In less than twenty-four hours, Eric and I will be celebrating fourteen years of wedded bliss… well, fourteen years of wedded something. ~smile~ Typically, when someone who has been married more than two months says their marriage is blissful, I don’t believe them. However, when I meet a couple who has been married for forty years and they say their marriage is blissful, I do tend to believe them. Time told the tale! Hopefully that will be Eric and me one day – forty years of marriage and many smiles to share about the journey. ~smile~
Commemorating another trip around the sun together puts me in mind of the many celebration opportunities we have – not only in marriage, but in life.

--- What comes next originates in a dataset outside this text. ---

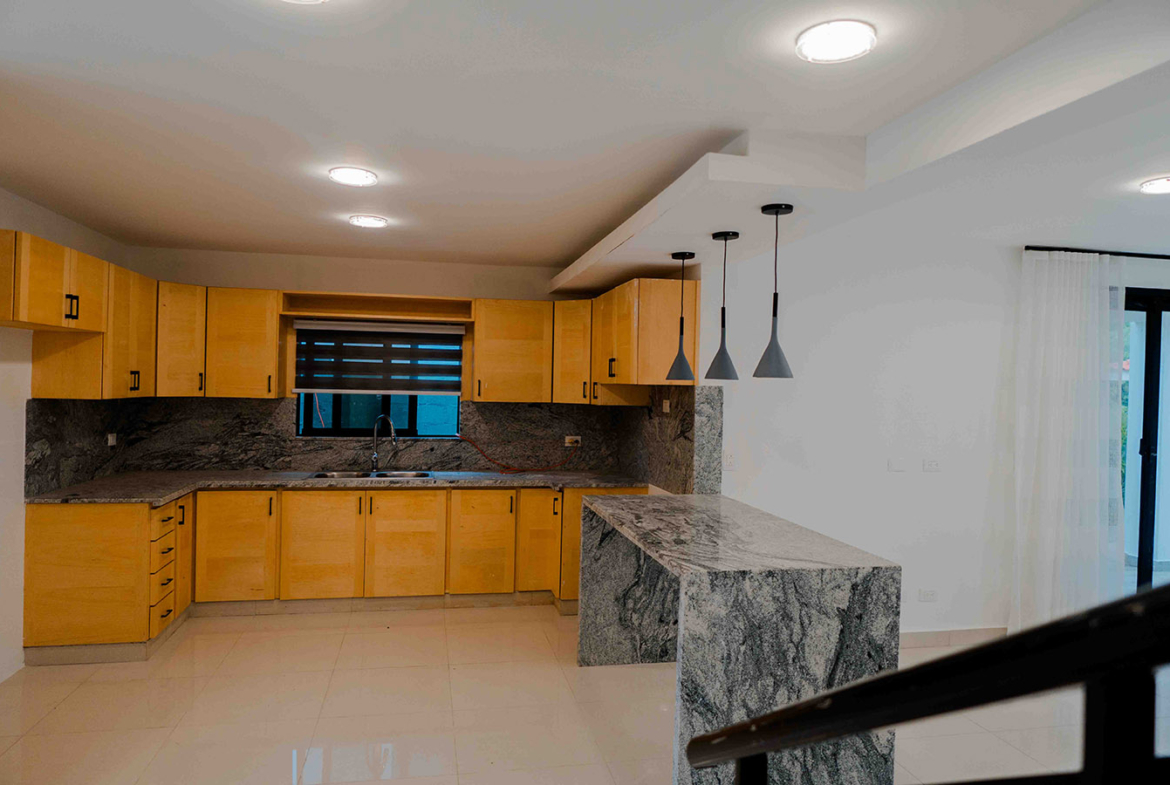 Oportunidad única Villa en Metro Country Club en Juan Dolio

We gather around brightly decorated trees on Christmas and exchange gifts. We overeat, nap, and overeat again on Thanksgiving. On the Fourth of July, we watch with the wonder of a seven-year-old as fireworks burst into the sky. And, no matter how old we get, we still make wishes before we blow out our birthday candles.

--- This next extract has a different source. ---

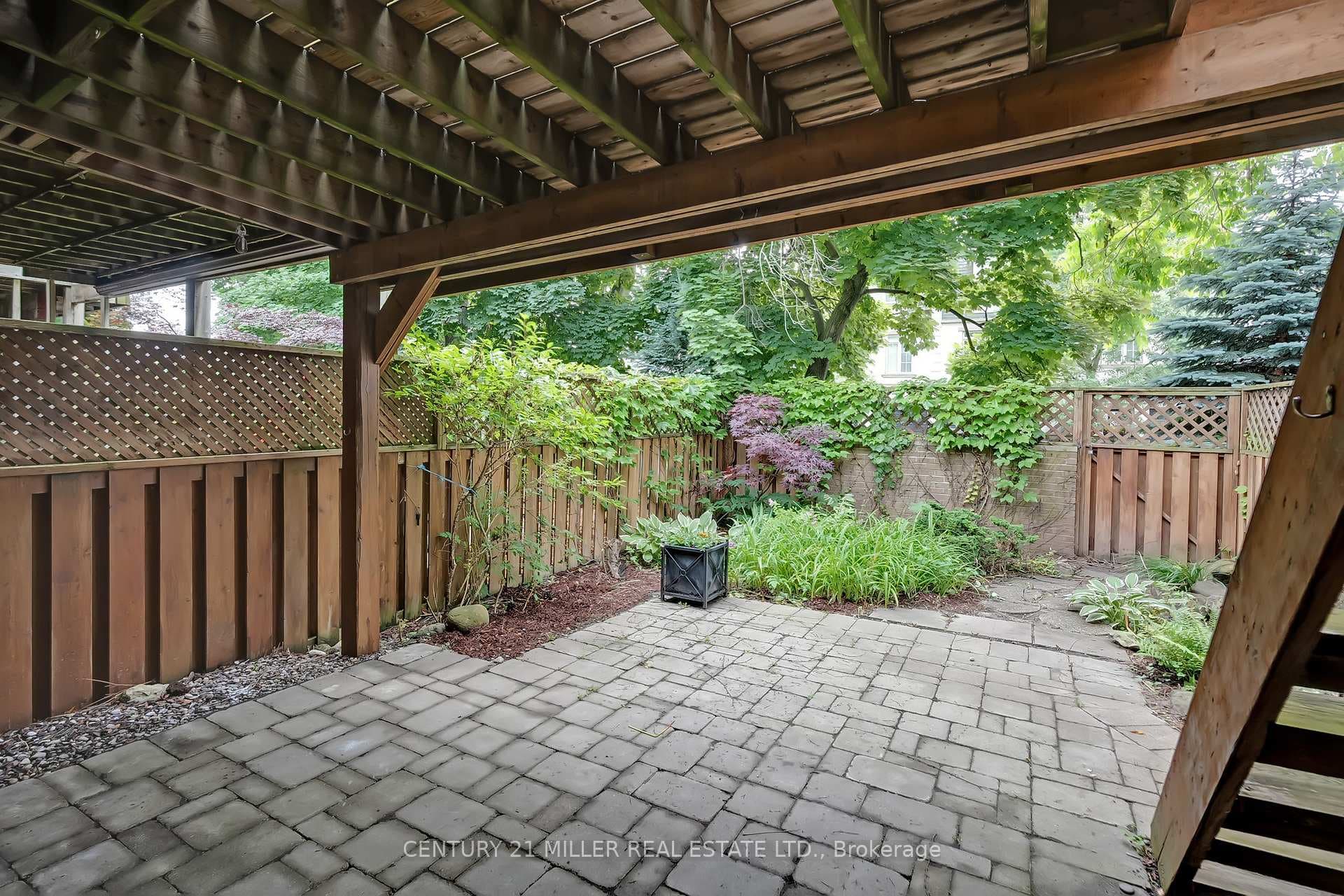 118 John Street photo 22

Celebrations can be a joyous bonding experience in marriage, or they can cause tension. It depends on what each person believes about them and how they are handled:
- I am thirty-two-years-old! Why did you throw me a surprise birthday party?!

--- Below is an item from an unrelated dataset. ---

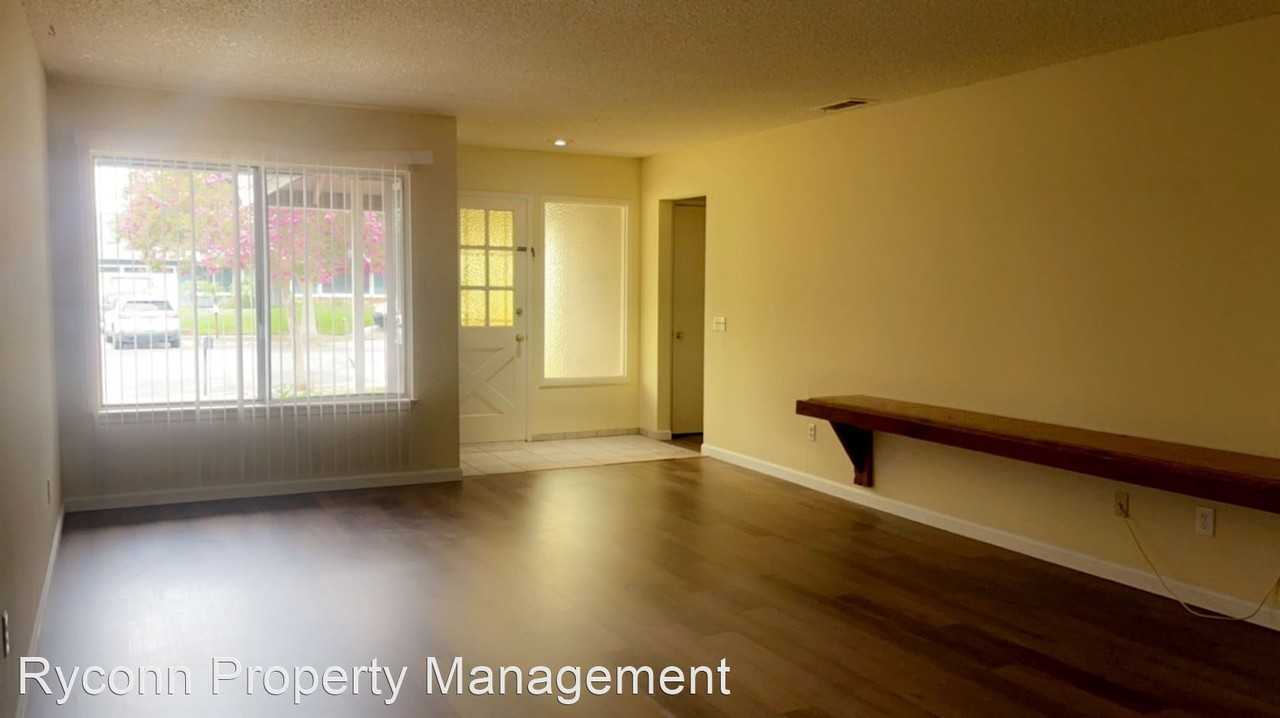 10080 Delphi Ct - Photo 2 of 12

- But, it’s Christmas! I cannot believe you agreed to work all day on Christmas Eve. Now there is no way we can visit my parents on Christmas Day.
- You want me to spend $70 on fireworks? Are you kidding?!?
Celebrations, though lighthearted in nature, can lead to arguments and hurt feelings when couples do not agree.
Are you feeling a “You and your significant other need to talk about celebrations” coming on in this post? You would be completely right! Even the happy topics deserve their time to shine. Christmas, for example, can be a time of laughter, nostalgic foods, giddiness, and relaxation or it can be a time of resentment, aching hearts, and dashed hopes. When two people set out in marriage expecting their mutually exclusive traditions to remain intact, at least one of them will be disappointed. That is, unless they have already discussed it and worked out a plan.
- How do you feel about birthdays?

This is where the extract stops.